In that scenario, the ability of securities markets to pull future developments into the current price creates something that looks like a disconnect to a naïve observer.  Rent isn't forward looking.  It reflects the current supply and demand for housing consumption.  So, the higher home price will appear to be inflated.  But, since the home itself is a static property, it's value relative to a given future housing stock is static.  A new owner must purchase that home's portion of the future housing stock, whether they want to or not.  If housing consumption continues to command a stable portion of total consumption expenditures, as it has for more than 50 years, then there may be conceptual value to thinking about home values in terms of future housing "market share".

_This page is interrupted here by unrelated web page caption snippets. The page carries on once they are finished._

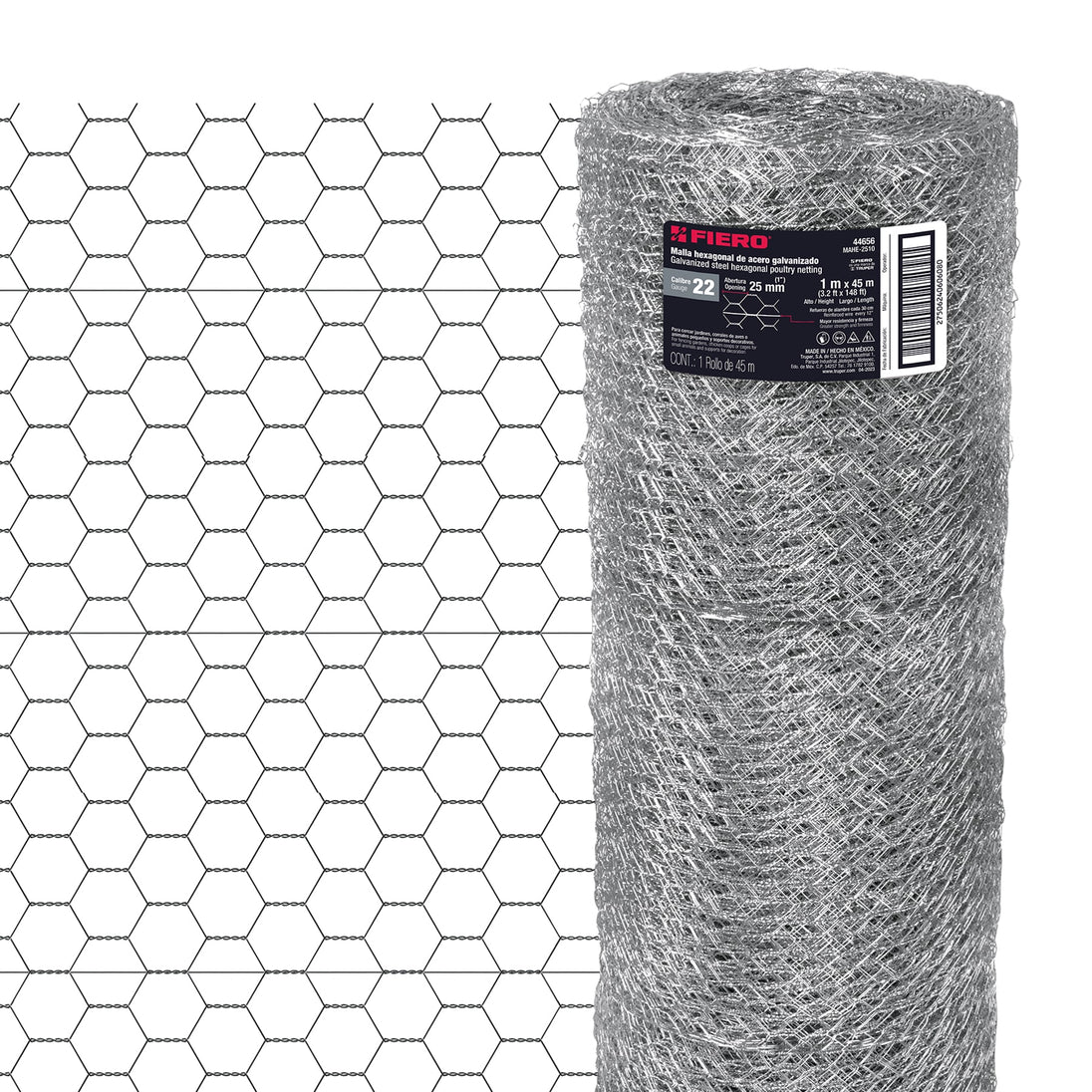 MAHE-2510 Rollo malla hexagonal cal.22, 1x 45m, abertura 25mm, 13kg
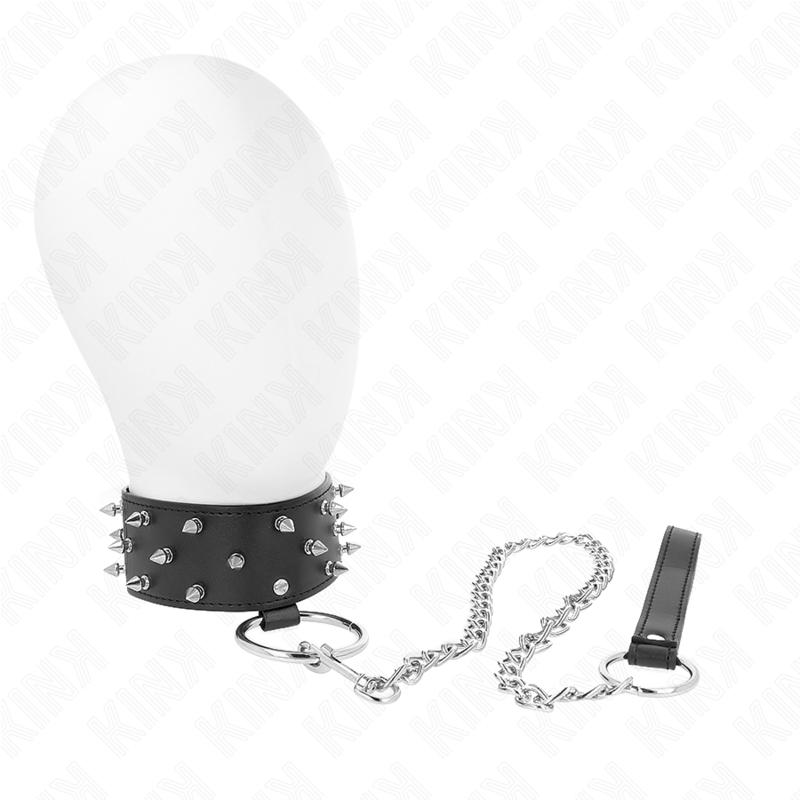 KINK - 65 CM COLLAR WITH LEASH WITH SILVER NAILS MODEL 5 ADJUSTABLE 36-43 CM X 5 CM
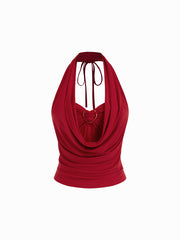Halter Neck Draped Ruched Top With Heart Detail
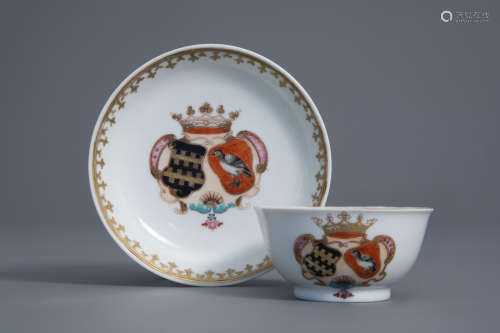 A Chinese famille rose Dutch market 'Van Slingelandt' and 'Van Overschie' armorial cup and saucer, Qianlong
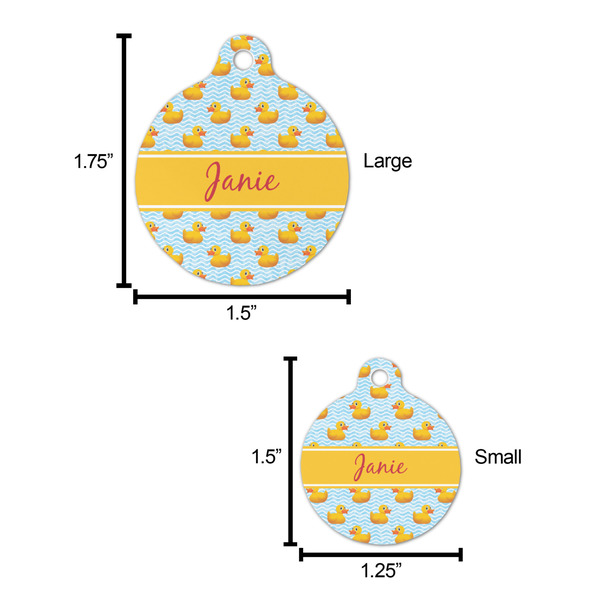 Rubber Duckie Round Pet ID Tag - Large - Comparison Scale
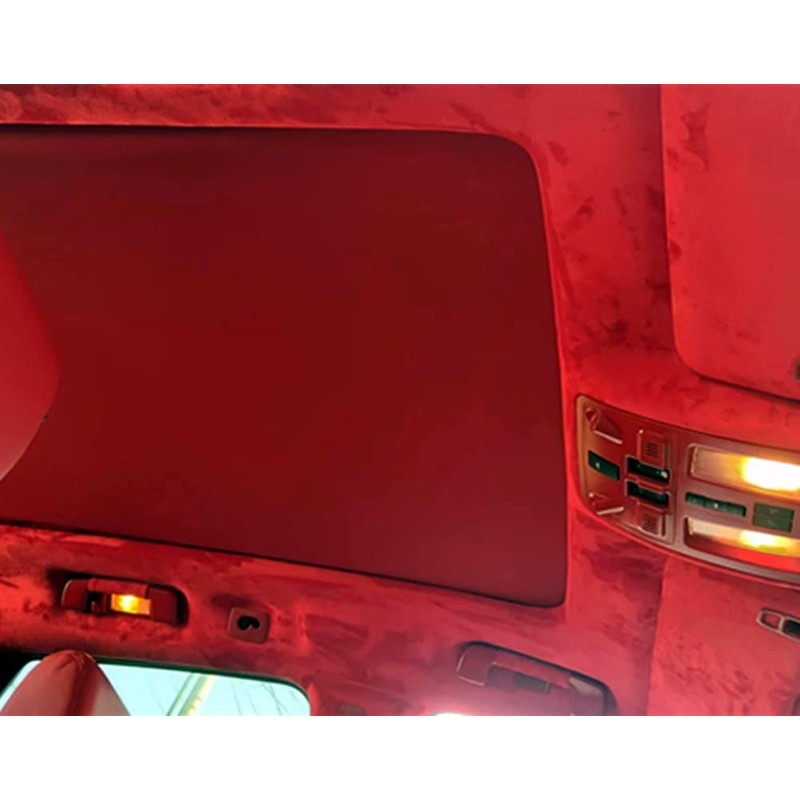 Teemall Red Suede Headliner Fabric with Foam Backing Automotive Roof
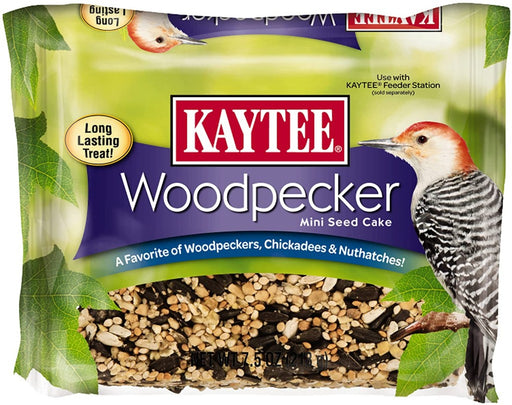 7.5 oz Kaytee Woodpecker Mini Honey Seed Cake For Energy Support
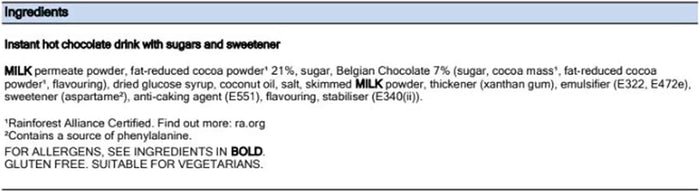 Options Choc-O-Lait Belgian Instant Hot Chocolate Drink Creamy Smooth Rich - 1Kg - Shoppers-kart.com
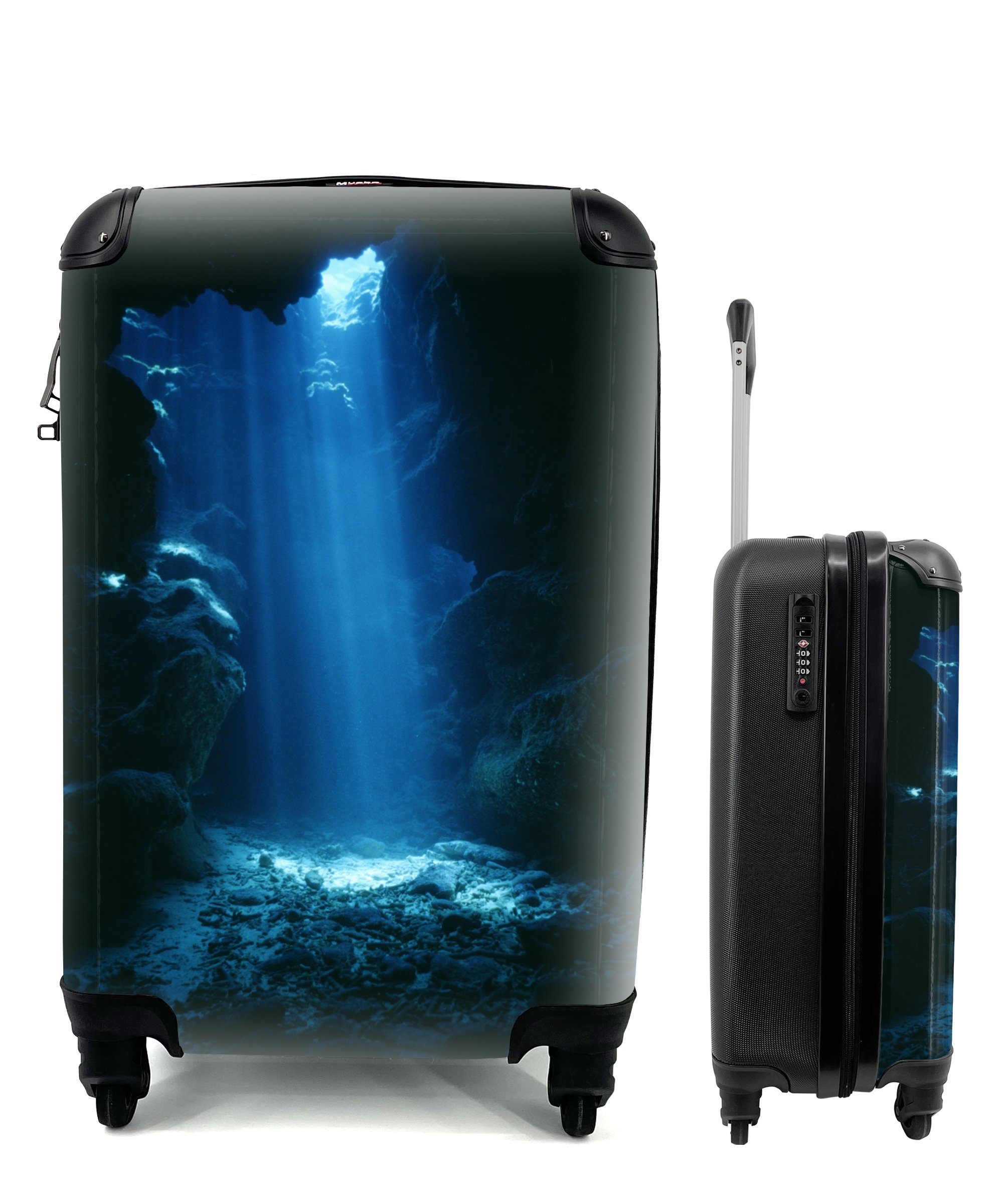 Grand auf 4 rollen, Reisekoffer Handgepäck Ferien, blauen klaren Reisetasche Trolley, mit MuchoWow Wasser Höhle für Handgepäckkoffer im Rollen, Cayman,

Thinking about it this way, adding potential supply will reduce the value of existing homes by reducing their future expected housing "market share".  I have wondered how much the lack of available investment in real estate has been a contributing factor to lower real long term interest rates.  But, I wonder if this presents another way of thinking about that.  Normally, risk free real interest rates would tend to rise and fall with expectations for real economic growth.  So, current low real interest rates suggest low growth expectations.

I wonder if this is related to the current tendency for home prices to rise to unusual levels.  The expected growth of the housing "market share" of individual home owners is basically a claim on future nominal income growth.  It is the result of artificial limits on housing expansion - limits to real growth, which operate as growing claims by real estate owners on future nominal incomes.  The added value of home ownership and lower expected future real income growth expectations are two sides of the same coin.

This is sort of an application of limited access vs. universal access.  A universal access economy will lead to creative destruction and growth, and real risk free interest rates will reflect the related optimism.  A limited access economy will lead to rent-seeking, and real risk free interest rates will reflect stagnation.  A large portion of our economy (housing) is characterized by limited access - first through urban building policies, which pushed real interest rates down slightly in the 2000s, then through limited mortgage access policies, which pushed real interest rates down to the extremely low levels seen since the 2008 crisis.